Destruição criativa

E de repente todos descobriram que Lionel Trilling existiu. Nada contra a redescoberta: quem me dera que as pessoas descobrissem gigantes como Trilling, Edmund Wilson, Wayne Booth, Irving Kristol e até Gertrude Himmelfarb que, talvez por uma dessas conspirações do destino, teve seu livro Os caminhos da modernidade finalmente publicado no Brasil.

O mesmo poderia ser feito com os nossos gigantes nacionais, como Carpeaux (constantemente redescoberto porque nenhuma editora toma a coragem de publicar suas Obras Completas em uma edição integral e anotada), Alvaro Lins e Lucia Miguel Pereira.

O ponto mais importante desta redescoberta de Lionel Trilling é que seus principais acólitos – entre eles, Himmelfarb e Adam Kirsch, que escreveu a mola propulsora de tudo, um livrinho chamado Why Trilling Matters – não caíram na velha arapuca de que um crítico é sempre um artista frustrado. Ao contrário: Trilling é um daqueles críticos culturais que usaram o palco dos ensaios como se fosse uma verdadeira experiência da imaginação de todo um povo. E o mesmo fizeram Edmund Wilson ou Carpeaux – por coincidência, tanto Trilling como Wilson também têm obras de ficção que atualmente são consideradas paradigmas da literatura de seu tempo (respectivamente The middle of the journey e Memoirs of Hecate County, duas pequenas obras-primas).

Em outras palavras: um crítico não é um artista falhado, mas sobretudo um colaborador de quem fez a obra e que deve partilhar de uma sensibilidade dramática ao analisá-la e elucidá-la ao grande público.

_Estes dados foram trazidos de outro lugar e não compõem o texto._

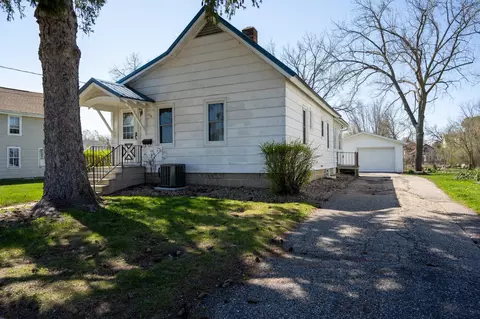228 Maine St, Mauston, WI 53948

John Milton dizia que sua obra em prosa era escrita com a mão esquerda enquanto a sua obra em versos era escrita com a direita. Interpretaram isso como se fosse uma espécie de desprezo do bardo a respeito do que escreveu pela força das circunstâncias. Ledo engano: o que ele quis dizer é que as palavras vinham de mãos diferentes – dái a peculiaridade de cada uma – mas sem dúvida vinham da mesma pessoa, da mesma personalidade, da mesma imaginação.

É o que todo crítico e o que todo artista devem ter em mente ao produzirem seus textos: a de que a única criação que vale a pena é uma purgação, uma destruição criativa.

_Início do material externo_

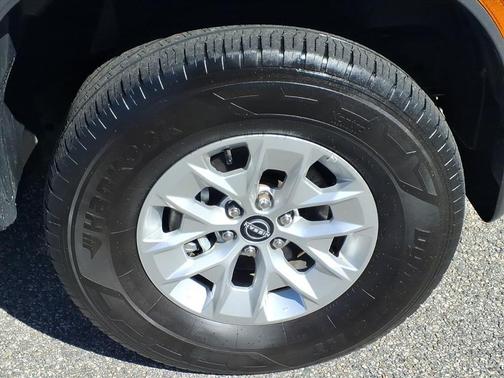 2024 Nissan Frontier SV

2 comentários em “Destruição criativa

  1. Martim,

    No concernente ao trabalho do crítico e da justificação da crítica como gênero literário, vem a cabo dos seus apontamentos sobre Trilling a opinião, tão pertinaz, sobre esse mesmo assunto, do Dr. Afonso Arinos de Melo Franco, que eu transcrevo abaixo.

    ”A crítica só permanece viva e fresca quando é, ela própria, uma criação literária autônoma, independente da obra que se propôs analisar. Nestes casos a obra criticada serve de motivo à critica, mas não a domina nem a esgota. Serve de motivo como a paisagem à descrição, como a paixão ou a emoção à análise psicológica, como a situação dramática à cena teatral, como o tema ao romance. A autonomia do gênero literário consiste, precisamente, na capacidade de insuflar vida própria à composição, fazendo com que ela exista literariamente por si, tornando-se independente do seu motivo determinante. Sem esta autonomia a crítica não é gênero literário, não vive, e a sua condenação à morte fica patenteada pelo envelhecimento progressivo que a põe em contraste com a perene juventude da obra sobre que versou. Quando viva, a crítica chega a conhecer, às vezes, um destino maior do que o da obra criticada, e, então, vemos como ela permanece atual, colorida e poderosa, enquanto a outra se esfuma num relativo esquecimento. O exemplo clássico desta situação pode ser encontrado nas páginas de crítica que Boswell dedicou, na trama cerrada do seu livro, à obra do Dr. Johnson.

    Grato,
    Guilherme José Santini

  2. Falando em Lúcia Miguel-Pereira, vale a pena ler o seu romance “Cabra-cega”, que descobri através de Wilson Martins, a parti da leitura de um dos seus “Pontos de vista”, com 14 volumes. Ponha na lista tmb Fausto Cunha d’A Luta literária. Podemos até não concordar com ele, mas como escreve bem.